C’est dans ce cadre que se construit notre mission. Nous mettons nos compétences en communication et marketing au service d’ANAK Bali, pour leur permettre d’augmenter leur visibilité et pour montrer au grand jour la qualité du travail effectué avec les 200 enfants parrainés. Nous réalisons ainsi une série de vidéos pour présenter l’étendue des missions de l’association, son organisation et ses forces. Nous avons également souhaité les conseiller sur leur stratégie de communication pour qu’ils puissent prendre le virage nécessaire à leur épanouissement et à leur reconnaissance.

A travers la réalisation des ces vidéos, nous avons la chance de parcourir cet autre Bali. Nous partons ainsi dans le Nord et l’Est de l’île à la rencontre des jeunes et de leurs familles. La traversée de l’île en scooter est à chaque fois une petite expédition. Nous chargeons notre matériel sur notre petit deux-roues et suivons les routes sinueuses des montagnes qui coupent Bali en deux. Au niveau de Bedugul, au milieu de l’île, nous arrivons au point de rupture entre le Bali riche et l’autre Bali. Après un passage de col qui offre des paysages grandioses, nous entamons une longue descente dans la région de Buleleng et découvrons peu à peu les villages reculés qui constituent les zones d’action d’ANAK Bali.

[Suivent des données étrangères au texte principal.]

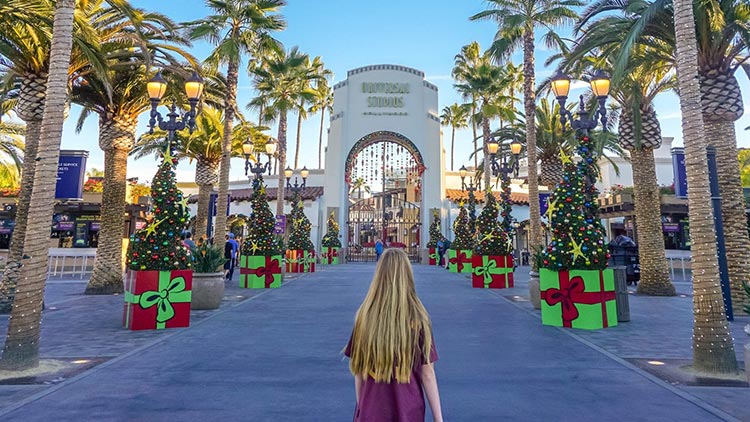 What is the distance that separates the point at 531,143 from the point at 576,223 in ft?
21.4

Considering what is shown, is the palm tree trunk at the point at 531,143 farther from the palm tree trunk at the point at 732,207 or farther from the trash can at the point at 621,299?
the palm tree trunk at the point at 732,207

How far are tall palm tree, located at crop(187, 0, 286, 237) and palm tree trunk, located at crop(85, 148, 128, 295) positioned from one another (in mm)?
2982

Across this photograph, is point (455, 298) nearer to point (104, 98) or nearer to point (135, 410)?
point (135, 410)

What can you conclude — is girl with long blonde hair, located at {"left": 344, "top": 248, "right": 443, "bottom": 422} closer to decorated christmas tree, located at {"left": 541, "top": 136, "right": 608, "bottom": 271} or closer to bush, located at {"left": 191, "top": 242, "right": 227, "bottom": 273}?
decorated christmas tree, located at {"left": 541, "top": 136, "right": 608, "bottom": 271}

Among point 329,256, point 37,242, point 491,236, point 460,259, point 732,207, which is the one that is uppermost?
point 732,207

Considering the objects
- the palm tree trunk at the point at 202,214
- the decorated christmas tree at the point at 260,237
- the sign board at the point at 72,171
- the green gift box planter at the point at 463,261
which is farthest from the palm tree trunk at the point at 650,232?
the sign board at the point at 72,171

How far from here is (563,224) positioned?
8.38 m

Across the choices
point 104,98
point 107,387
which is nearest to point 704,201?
point 107,387

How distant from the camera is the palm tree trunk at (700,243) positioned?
499 cm

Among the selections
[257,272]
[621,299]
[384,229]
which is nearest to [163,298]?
[257,272]

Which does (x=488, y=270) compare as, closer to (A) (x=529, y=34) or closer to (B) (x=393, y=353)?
(A) (x=529, y=34)

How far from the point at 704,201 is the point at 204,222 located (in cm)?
1765

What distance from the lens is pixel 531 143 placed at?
14.1 m

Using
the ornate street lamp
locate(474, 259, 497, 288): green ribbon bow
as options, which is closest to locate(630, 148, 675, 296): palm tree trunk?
locate(474, 259, 497, 288): green ribbon bow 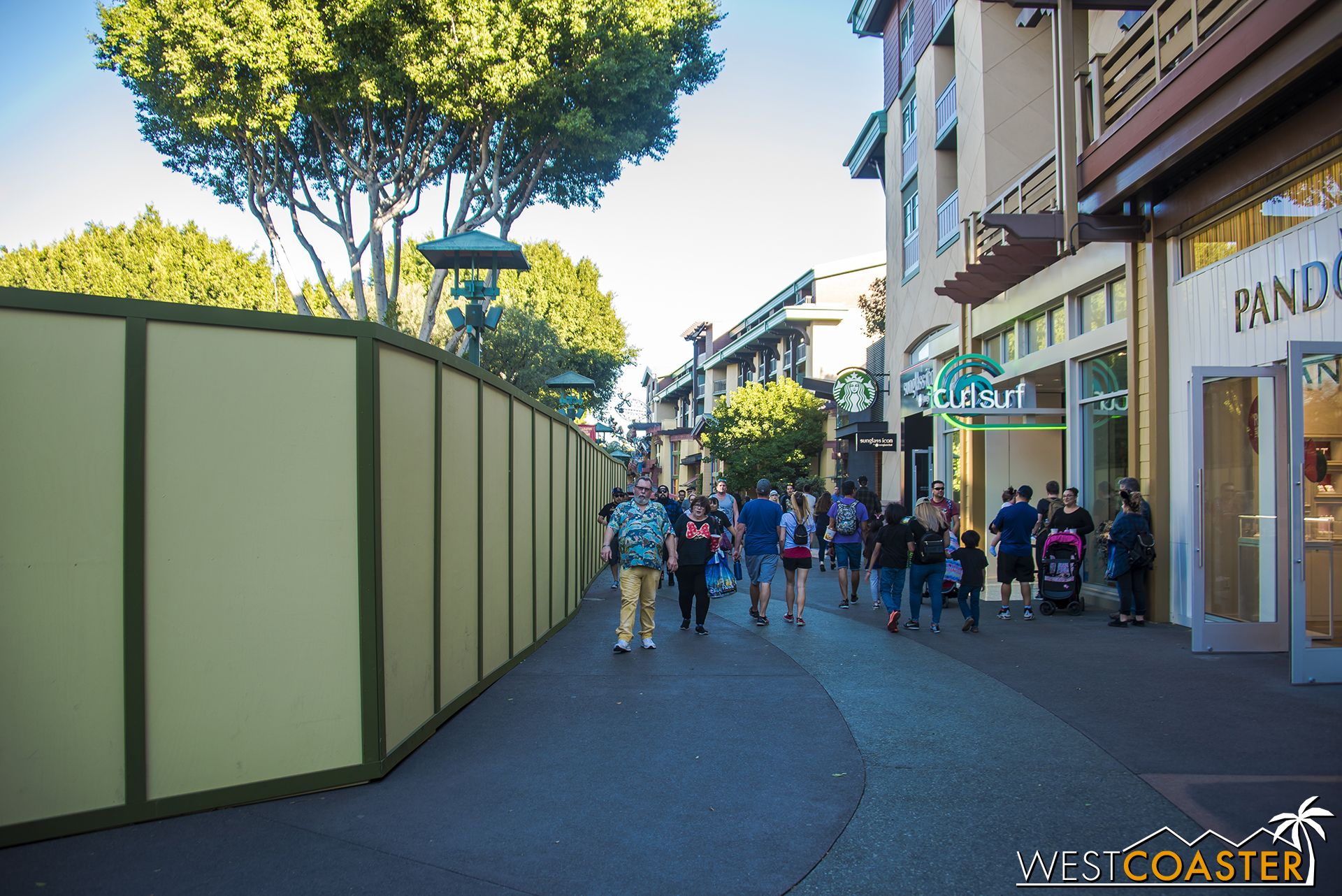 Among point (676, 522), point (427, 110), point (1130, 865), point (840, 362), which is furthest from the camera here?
point (840, 362)

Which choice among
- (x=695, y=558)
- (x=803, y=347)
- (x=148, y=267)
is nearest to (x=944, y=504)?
(x=695, y=558)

Région de Buleleng – Mars 2021

Au cœur de cette nature sauvage et magnifique, entre rizières en terrasse et denses forêts, nous rencontrons les familles qui vivent dans de petites maisons parfois en dur, mais bien souvent en tressage traditionnel. Nous sommes confrontés à la réalité : sans l’action d’ANAK Bali, ces familles ne pourraient pas s’en sortir. Si la joie ressort chez beaucoup d’entre elles, nous voyons également les grandes difficultés économiques auxquelles elles sont confrontées. Ainsi nous partageons un thé avec une adolescente qui se retrouve seule à gérer sa petite sœur qui s’est ouvert le pied et son petit frère très actif alors que son père, très malade, est hospitalisé, accompagné par sa mère. Leur maison qui se trouve un peu à l’écart d’un village, dans un petit emplacement en contrebas peu lumineux, offre deux pièces : une chambre partagée par toute la famille et une cuisine. Un petit feu permet de faire cuire les aliments. L’adolescente, brillante et investie dans ses études, est poussée par ANAK Bali pour aller le plus loin possible dans son parcours scolaire. L’objectif est de lui permettre d’atteindre un emploi suffisamment rémunérateur pour qu’elle puisse subvenir à ses besoins mais également de continuer à aider ses parents. La compréhension de ce point culturel est indispensable pour percevoir l’objectif de l’association. Lorsqu’on demande aux enfants quel est leur rêve, la réponse est unanime : soutenir leurs parents. La société balinaise repose sur la cellule familiale. Le rôle des enfants dès leur plus jeune âge est d’être présents pour leurs parents. Dans les maisons traditionnelles, parents et enfants vivent sur la même parcelle et mettent en commun les revenus et les ressources. ANAK Bali encourage donc les enfants parrainés à réussir leur scolarité pour perpétuer cette tradition tout en ouvrant leurs perspectives. Les enfants découvrent l’existence de nouveaux métiers, agrandissent leurs champs de vision pour ne pas reproduire le schéma de leurs parents et sortir du cercle de la pauvreté. Sans renier leurs traditions, ils s’ouvrent au monde et s’adaptent aux réalités économiques modernes.

L’autre Bali – Mars 2021

Maintien des traditions – Mars 2021

L’engagement d’ANAK Bali ne se limite pas à l’éducation. Consciente des enjeux environnementaux de l’île des dieux, l’association encourage les initiatives locales. Sur la plage de Tejakula, au Nord-Est de Bali, les jeunes de l’association se retrouvent chaque dimanche pour ramasser les déchets. A leur échelle, ils essayent de redonner la beauté à ces paysages trop souvent envahis de plastiques. Le coordinateur de ce village a également créé une entreprise de recyclage pour que l’engagement des jeunes trouve un aboutissement concret.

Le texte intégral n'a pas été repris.